### Data for the task:
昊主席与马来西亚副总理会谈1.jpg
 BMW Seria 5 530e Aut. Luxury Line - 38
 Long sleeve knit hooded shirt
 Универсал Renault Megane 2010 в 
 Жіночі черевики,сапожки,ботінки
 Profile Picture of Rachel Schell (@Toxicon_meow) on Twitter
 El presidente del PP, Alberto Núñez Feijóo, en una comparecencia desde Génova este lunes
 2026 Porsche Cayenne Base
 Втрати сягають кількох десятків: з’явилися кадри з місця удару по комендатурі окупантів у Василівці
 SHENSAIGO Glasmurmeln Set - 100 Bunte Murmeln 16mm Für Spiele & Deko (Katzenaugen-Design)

### Work task:
All entries shown above should be duplicated without a single difference.

### Written solution:
昊主席与马来西亚副总理会谈1.jpg
 BMW Seria 5 530e Aut. Luxury Line - 38
 Long sleeve knit hooded shirt
 Универсал Renault Megane 2010 в 
 Жіночі черевики,сапожки,ботінки
 Profile Picture of Rachel Schell (@Toxicon_meow) on Twitter
 El presidente del PP, Alberto Núñez Feijóo, en una comparecencia desde Génova este lunes
 2026 Porsche Cayenne Base
 Втрати сягають кількох десятків: з’явилися кадри з місця удару по комендатурі окупантів у Василівці
 SHENSAIGO Glasmurmeln Set - 100 Bunte Murmeln 16mm Für Spiele & Deko (Katzenaugen-Design)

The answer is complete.